Nowadays big ships have sophisticated equipment to help warn them of any dangers nearby. In the past however, all sea traffic needed lighthouses to warn of rocks or to indicate the entrance to a harbor when visibility was poor. A lighthouse is a tall structure, with a strong, flashing light at the top. In spite of modern technology, such as GPS, lighthouses still have a role to play as a navigational aid [source: Trinity House]. Here's how to build a little model lighthouse.
- Cardboard tube (e.g. empty kitchen roll),
- Bulb holder for 3.5 volt bulb
- 3.5 volt bulb
- One 3 or 4.5 volt battery
- Two wires
- Small plastic jar
- White paper
- Scotch tape
- Two metal paper fasteners
- A small piece of cardboard
Here's what you do:
- Make three or four thin black stripes on the white paper, so that it's now black-and-white striped paper.
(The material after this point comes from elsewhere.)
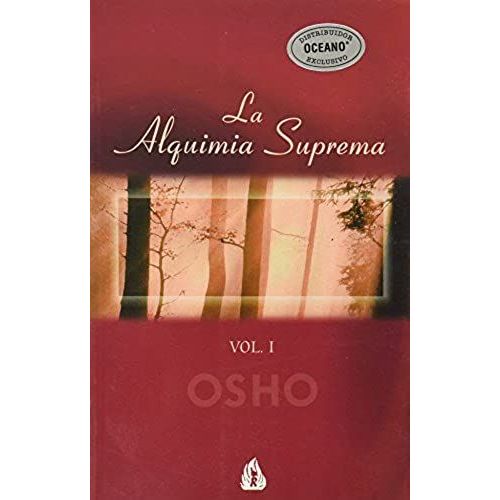 Alquimia Suprema (Tomo 1), La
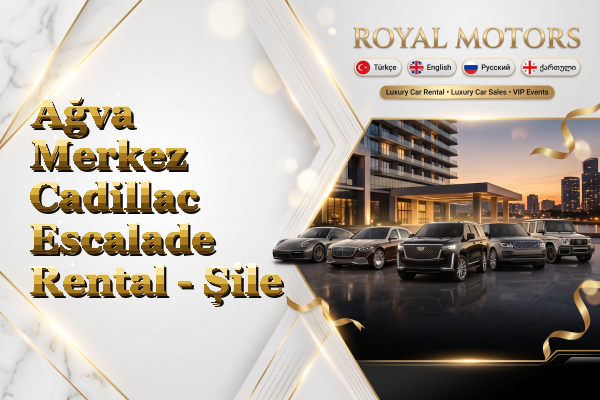 Ağva Merkez Cadillac Escalade Rental - Şile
- Glue the paper to the cardboard tube so the stripes are horizontal.
- Secure the bulb holder to the top of the tube with scotch tape.
- Attach two of the wires to the connectors on the bulb holder, and run them through the inside of the tube.
- Connect one free end of wire to one terminal of the battery.
- Attach the other free end of wire to one of the paper fasteners. Attach the paper fastener to the battery terminal.
- Attach the other paper fastener to a piece of cardboard, so you don't have to hold it directly when you make the fasteners touch.
- Cut a hole in the cardboard tube, to access the wires.
- Stand the cardboard tube on a piece of cardboard. Tape it into position with Scotch tape, to ensure that it remains up straight.
- Put the bulb in the bulb holder.
- Place the small jar over the bulb.
- When you touch the two paper fasteners to each other, the electric current will flow and the light will go on. You can make it flash by repeatedly touching together and moving apart the fasteners [source: Togher School].